Public international law
Caroline is frequently instructed to draft communications to the Office of the High Commissioner for Human Rights (UN-OHCHR) and the Human Rights Committee (HRC), a body of independent experts that monitors implementation of the International Covenant on Civil and Political Rights (ICCPR) by its State parties.
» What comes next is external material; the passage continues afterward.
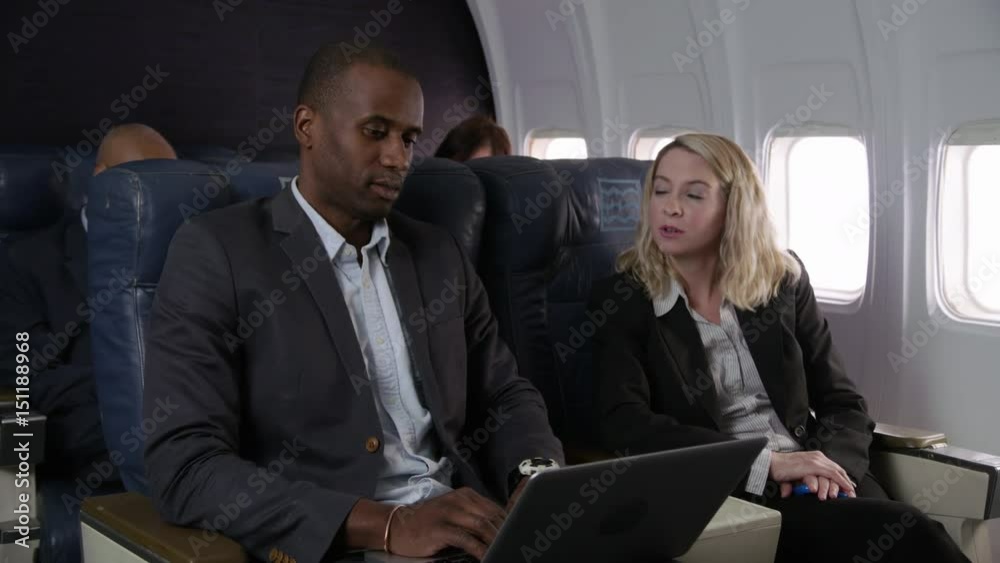 Business people working on airplane flight Business people working on airplane flight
These have been successful in bringing significant breaches of human rights to the attention of the United Nations and specific governments.
Most recently, her focus has been on extrajudicial or summary executions; torture and other inhumane treatment; the independence of the judiciary; enforced or involuntary disappearances; and arbitrary detention.
Caroline is familiar with the rules of admissibility before the HRC and has drafted opinions on the question for cases supported by Human Rights organisations.
Ahead of the 2013 Universal Periodic Review by the UN Human Rights Council, Caroline drafted a paper outlining the breaches of human rights, notably the rights to fair hearing, committed during the trials before the ICT.
Caroline specialises in human rights issues relevant to Private Maritime Security Companies. She is currently engaged in the codification of guidance on ‘Human Rights at Sea’ and ‘Temporary Deprivation of Liberty (Detention) at Sea’ with David Hammond. As a new member of the Maritime Practice she drafts human rights impact assessments and is available for advisory work.
Caroline regularly appears in the Crown Court, Magistrates’ and Youth Court. She undertakes cases involving violent offences, offences of dishonesty, fraud, sexual offences and theft related offences.
Caroline has assisted Peter Glenser, who regularly defends military personnel at Courts Martial. She has a sound working knowledge of the Geneva Conventions and the Additional Protocols, notably, Convention (III) relative to the Treatment of Prisoners of War, and Convention (IV) relative to the Protection of Civilian Persons in Time of War, following her work on The Prosecutor v. Prlić et al. at the ICTY.
Caroline accepts instructions in extradition hearings including first hearings, full hearings and appeals.
She is a contributor to the Nine Bedford Row Guide to Extradition Law.
Regulatory and Disciplinary: Hillsborough Inquest
Caroline is instructed by Field Fisher Waterhouse LLP, solicitors to the Inquest, to assist counsel to the Inquest with the disclosure of evidence to the Interested Parties. Following the publication of the report of the Hillsborough Independent Panel last year, the Attorney General successfully applied to the High Court for these verdicts to be quashed and for fresh inquests to be ordered. Lord Justice Goldring is coroner to the new Inquest.
Before being called to the Bar, Caroline worked as a freelance journalist and editor for five years.
Caroline is a member of the Inner Temple. She is a Major Scholar of the Inner Temple and a former Pegasus Scholar. Caroline is also a member of the Association des Juristes Franco-Britanniques, Avocats sans Frontières, the International Bar Association Human Rights Institute and the Bar Human Rights Committee.
Caroline was educated in France, Italy and the United Kingdom. She holds a BA in European Social and Political Studies from University College London, DipLaw from City University, BPTC from BPP Law School.